1. ## Empirical/Chebyshev

A sample of 200 people were given a test. The distribution of the test scores was mound-shaped and symmetrical with a mean of 100. One person, whose test score was 125, was found to be at the 84th percentile.

a)Approximately how many people obtained scores between 65 and 85?

Using Chebyshev’s theorem, a score of 65 corresponds to a standard deviation of 1.4 and a score of 85 corresponds to a standard deviation of 0.6 but I don’t know where to go from there … I believe my prof told me the answer to this question was 38 people

b)Suppose the distribution was not mound-shaped, but rather skewed. At least how many people would be expected to obtain scores between 65 and 135?

This is how I did the problem but my answer (98.97) is a little off from the original answer (98) so I don’t know where I am going wrong with this:
Z1 = 65-100/25 = -1.4 and Z2 = 135-100/25 = 1.4 so value of k = 1.4
Using Chebyshev’s theorem, 1 – (1/1.4^2) = 1-0.510 = 0.48979 x 100 = 48.97 + 50 = 98.97

2)Charles Darwin discovered a strange species of shrubs on a remote island and recorded their heights in inches as follows: “I measures 800 plants. The distribution of their heights is mound-shaped and symmetrical and has a variance of 9. One plant, whose height was 4 inches, falls at the 33rd percentile of the distribution.”

a)Approx how many of the 800 plants in this sample are between 8.5 and 10.5 inches tall?

I realize that this question is similar to the one above, but how can I use Chebyshev’s theorem without knowing the mean? The answer to this question is suppose to be 72 plants

b)Approx what percentage of the sample of 800 plants would be expected to have a Z-score of 1.28? (Assuming plant heights can be positive or negative)

2. Originally Posted by aptiva
A sample of 200 people were given a test.
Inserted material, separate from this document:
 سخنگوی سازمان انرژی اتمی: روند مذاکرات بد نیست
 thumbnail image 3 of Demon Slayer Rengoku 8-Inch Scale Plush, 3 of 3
The distribution of the test scores was mound-shaped and symmetrical with a mean of 100. One person, whose test score was 125, was found to be at the 84th percentile.

a)Approximately how many people obtained scores between 65 and 85?

Using Chebyshev’s theorem, a score of 65 corresponds to a standard deviation of 1.4 and a score of 85 corresponds to a standard deviation of 0.6 but I don’t know where to go from there … I believe my prof told me the answer to this question was 38 people
How have you obtained an (gu)estimate of the standard deviation?
Are you sure you are not assuming normality?
State which of Chebyshev's theorems you are using, it is not Chebyshev's
inequality.

b)Suppose the distribution was not mound-shaped, but rather skewed. At least how many people would be expected to obtain scores between 65 and 135?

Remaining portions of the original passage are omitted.